Nesse contexto de lutas do setor da educação, onde pautas como aumentos e reposições salarias, melhorias e descongelamento de Planos de Carreira, além da abertura de novos concursos, são quase onipresentes, o movimento dos educadores estaduais teria muito a oferecer enquanto um importante exemplo de combatividade a ser seguido por seus mais variados companheiros. Se unificadas, essa série de mobilizações seriam capazes de uma verdadeira “vitória histórica”, ao expandir e interligar a luta dos trabalhadores, mostrando seus interesses comuns contra o Estado capitalista e os patrões. Mas, ao retirar a categoria da luta, a direção do Sepe presta um verdadeiro desserviço à integração das mobilizações por melhores condições de trabalho e por uma educação pública, universal, gratuita e de qualidade. Portanto, cabe aos educadores não só passarem por cima dos burocratas de sua direção e lutarem pela continuação da greve, mas também pela aliança com os demais setores em luta.
É fundamental que os trabalhadores deixem as (péssimas) tradições corporativistas herdadas de anos de marasmo, que consistem em pensar apenas nos interesses específicos de sua própria categoria, e lutem pela unificação das suas campanhas. É verdade que as esferas de negociação são diferentes (Municipal, Estadual e Federal; Ensino Fundamental, Médio e Universitário; etc.), mas os trabalhadores não podem se deixar dividir por tal modelo fragmentador imposto pelo Estado dos patrões. Se queremos mudanças amplas e profundas na sociedade em que vivemos,  então temos que ter como perspectiva a unificação das diversas lutas. Uma só classe, uma só luta!
Mas quando falamos de unificar as diversas mobilizações em andamento, não nos restringimos à perspectiva de um ato nacional unificado, como é o caso da “Jornada Nacional de Lutas” comentada – o que sem dúvida possui peso e importância, mas não é suficiente. Ainda mais quando a principal demanda da “Jornada”, no que diz respeito à educação, se limita a exigir que o governo aumente para 10% do PIB a verba do setor. Ou seja, não só não apresenta um programa próprio com medidas práticas para a educação, como não questiona a ordem vigente, buscando apenas arrancar mais verbas do governo Dilma. “Exigir” mudanças por parte de Dilma e do PT, aliás, tem sido o carro-chefe de praticamente todas as campanhas do PSTU, que prefere mobilizar não para fortalecer e educar a classe sobre os limites do capitalismo, mas para “cobrar” melhorias do governo dos patrões.
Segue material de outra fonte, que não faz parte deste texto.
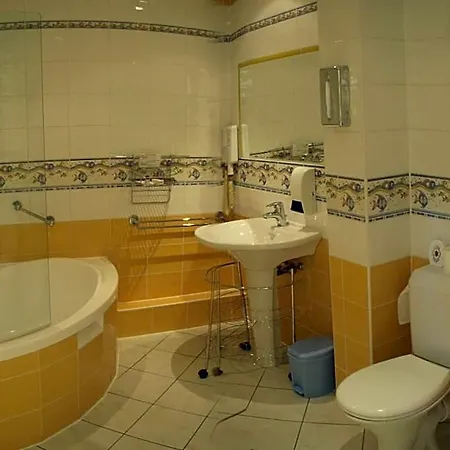D'hotes La Potiniere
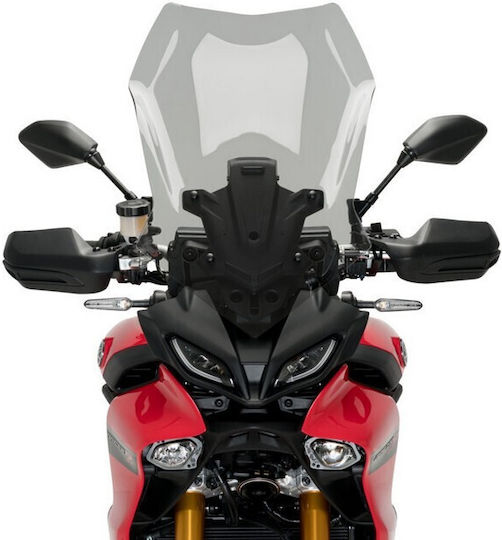 Puig Φιμέ Ζελατίνα Μοτοσυκλέτας για Yamaha Tracer 9 GT GT 2018-2023 3762H
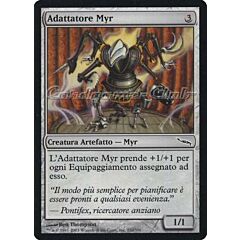 210 / 306 Adattatore Myr comune (IT) -NEAR MINT-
Por um comitê unificado de trabalhadores da educação!

Na perspectiva de unificação das lutas, seria um grande avanço se @s profissionais da educação se unificassem em um Comitê de Luta dos Trabalhadores da Educação. Tal comitê deveria incluir não só os sindicatos de professores e funcionários em greve, mas também entidades estudantis. Esse tipo de iniciativa fortaleceria enormemente a luta dos grevistas e, com a adesão dos estudantes, daria fim ao discurso demagógico da mídia burguesa de que “greve na educação prejudica a juventude”, como se os educadores não estivessem lutando justamente por melhoras na educação dada aos jovens. Isso é algo importante, porque tal discurso ajuda a isolar as campanhas dos educadores em relação ao resto da classe.
Além desses setores, também seria fundamental buscar organizar os profissionais dos estabelecimentos privados de ensino, muitas vezes submetidos a condições mais precárias e com direitos muito mais restritos. É o caso, por exemplo, dos funcionários e funcionárias terceirizad@s que cuidam da faxina e de outros serviços, não só nas escolas privadas, como em praticamente todas as universidades, públicas ou não. Tais funcionári@s são em sua maioria mulheres negras, com salários de fome e sem nenhum direito trabalhista. Esse tipo de profissional, super-explorado pelo capitalismo, teria muito a ganhar em uma luta conjunta, que traria menos riscos de demissões e retaliações, já que contaria com o suporte de outras categorias e setores efetivos e com direitos sindicais.
Fora que um comitê assim teria grande força para conquistar demandas históricas ligadas à educação, como o passe livre e ilimitado para estudantes de todos os níveis; alojamentos, creches e bandejões gratuitos para estudantes, professores e funcionários (principalmente @s terceirizad@s) nivelamento nas três esferas (Municipal, Estadual e Federal) dos salários de acordo com os mais altos; etc. Mais importante ainda, uma luta desse tipo seria capaz de arrastar atrás de si outras categorias, inflamadas pelo exemplo combativo. Mas essas demandas avançadas, que representam um forte ataque aos lucros dos patrões, só podem ser conquistadas com união e combatividade. Elas apontam para as enormes possibilidades de melhorias sociais que podemos alcançar caso os trabalhadores estejam no poder, utilizando de forma planejada e democrática a enorme riqueza que produzem.
Porém, algo dessa magnitude só será possível quando, primeiro, os profissionais da educação romperem com o recuo e as capitulações de suas direções ante os ataques do Governo, como estão fazendo atualmente o PSTU e o PSOL à frente do Sepe. Segundo, superarem a lógica corporativista e atuarem enquanto uma só classe, unificada contra os patrões e contra o capitalismo. E terceiro, quando os estudantes passarem por cima da mentalidade de atuarem sozinhos e se aliarem à classe trabalhadora, como é o caso do exemplo que têm dado os estudantes chilenos, ainda que de maneira limitada. Romper com a burocracia sindical e o corporativismo. Avançar rumo a uma luta unificada pela educação pública, universal, gratuita e de qualidade!

Notas

[1] Nossas análises sobre esse processo foram recentemente publicadas no artigo O Vermelho Deles e o Nosso (13 de agosto, blog do RR).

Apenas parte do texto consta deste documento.